Why acetate changed the direction

The material I kept coming back to was acetate.

Acetate is common in higher-end eyewear because it gives depth, colour, polish and a more substantial hand feel than ordinary moulded plastic. It can be cut from sheet or laminated blocks, machined into shape, softened at the edges, tumbled, polished and finished in a way that feels much closer to a real optical frame.

That matters for Catelier because the product is small. The frame does not need to be heavy or overbuilt, but it does need surface quality. A polished acetate-style front with shaped thickness around the brow, bridge and lens openings is a very different object from a flat acrylic outline.

The trade-off is that acetate pushes the project away from simple home fabrication. It is not a material I want to treat as a casual laser-cutting experiment. The more appropriate route is closer to eyewear production: CAD, CNC machining, finishing, polishing, short arms, strap connector details and manufacturer feedback.

That is slower than cutting a flat sheet, but it is closer to the standard I want Catelier to meet.

Close-up of polished Catelier frame edge concept with softened eyewear-style finishing
AI-generated finish mockup. The goal is the kind of softened, polished edge that makes a small frame feel deliberate in the hand.

Prototypes still matter

Moving towards acetate does not mean skipping prototypes. It means using prototypes for the right questions.

I can still model the frame in Fusion 360 or OpenSCAD. I can still use 3D printing to check scale, lens opening shape, bridge clearance and arm placement. I have an FDM printer at home, which is useful for rough iteration. Resin printing would give a cleaner small model, though for one-off parts the lead times and minimums can make it less immediate.

The important lesson was that a prototype should not be a shortcut around design. If the final product needs shaped thickness, softened edges and a proper side-arm construction, the model needs to express those decisions early. A flat pair of printed or laser-cut glasses can confirm some dimensions, but it cannot prove that the finished object will feel like eyewear.
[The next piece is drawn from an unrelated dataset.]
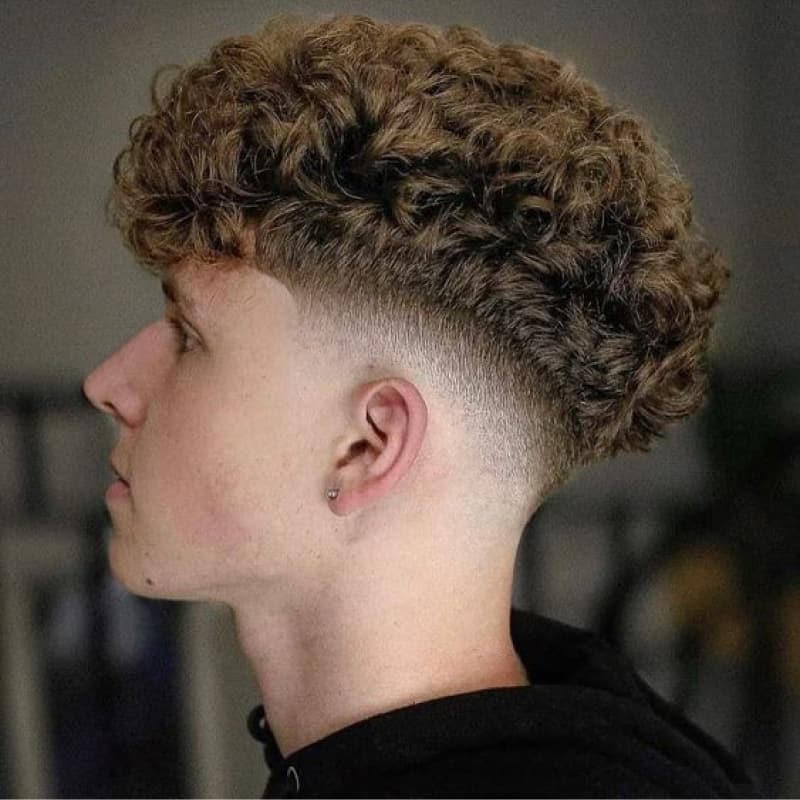 A man with a broccoli haircut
So the CAD work has to become more realistic: thicker brow, thinner lower rim, shaped bridge, softened lens openings, separate short arms and rounded strap slots with enough material around them.
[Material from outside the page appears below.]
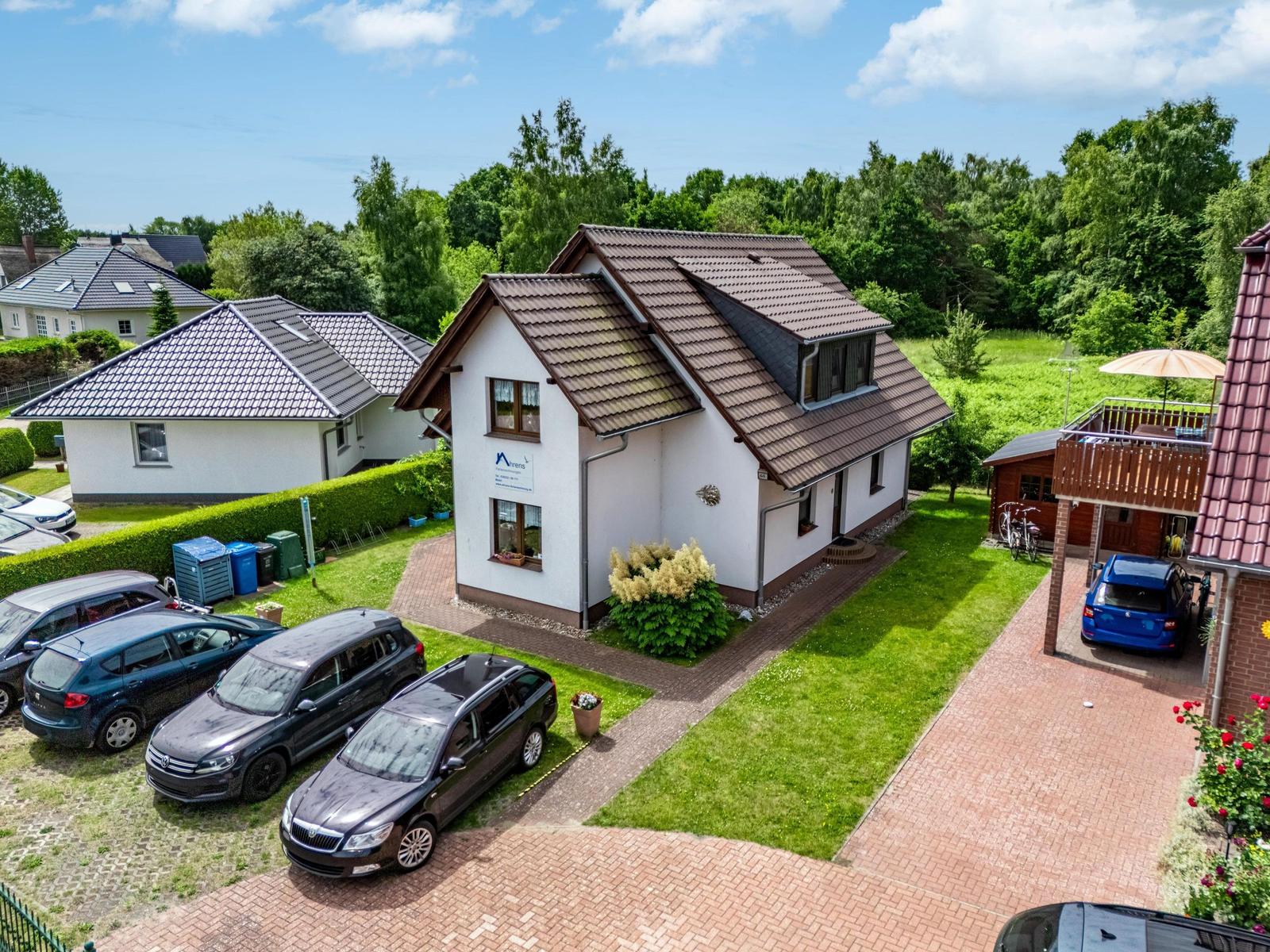 Ein weißes Haus mit braunem Dach, umgeben von Grünflächen und geparkten Autos.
Why I started speaking to eyewear manufacturers

At that point I decided to contact manufacturers rather than solve everything through equipment buying.
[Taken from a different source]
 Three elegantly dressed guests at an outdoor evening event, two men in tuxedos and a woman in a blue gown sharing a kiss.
I used AI tools to help with research and shortlisting, then looked for factories that already work with proper eyewear materials, sample-making, acetate, hinges, finishing and packaging. China became an obvious place to investigate because of the eyewear manufacturing base and the wider supplier ecosystem around frames, straps, cases and presentation packaging.

The first outreach was deliberately positioned as miniature premium eyewear, not toy pet glasses. That distinction matters. I am not looking for a novelty supplier to make a cheaper version of what already exists. I am looking for manufacturing advice on how to make the object feel closer to designer optical frames, while adapting the construction for brief, supervised cat wear.

The key questions now are practical ones: which material is realistic at a small first run, how the short arms should be made, whether the strap connector can be integrated cleanly, what finish level is possible, and how to keep the frame light, smooth and whisker-and-ear friendly.

The decision underneath the decision

This material choice is really about what Catelier is allowed to become.

Laser-cut acrylic would have been faster and more controllable at home. It may still be useful for early tests. But acetate-style manufacturing gives the project a better chance of feeling like a miniature eyewear house rather than a dressed-up craft object.

That is the direction I want to explore: fewer shortcuts, better surfaces, better proportions and a product that earns its detail quietly.

The next part of the work is less romantic: drawings, samples, supplier conversations, tolerances, minimum order quantities and all the small manufacturing decisions that decide whether the idea survives contact with reality.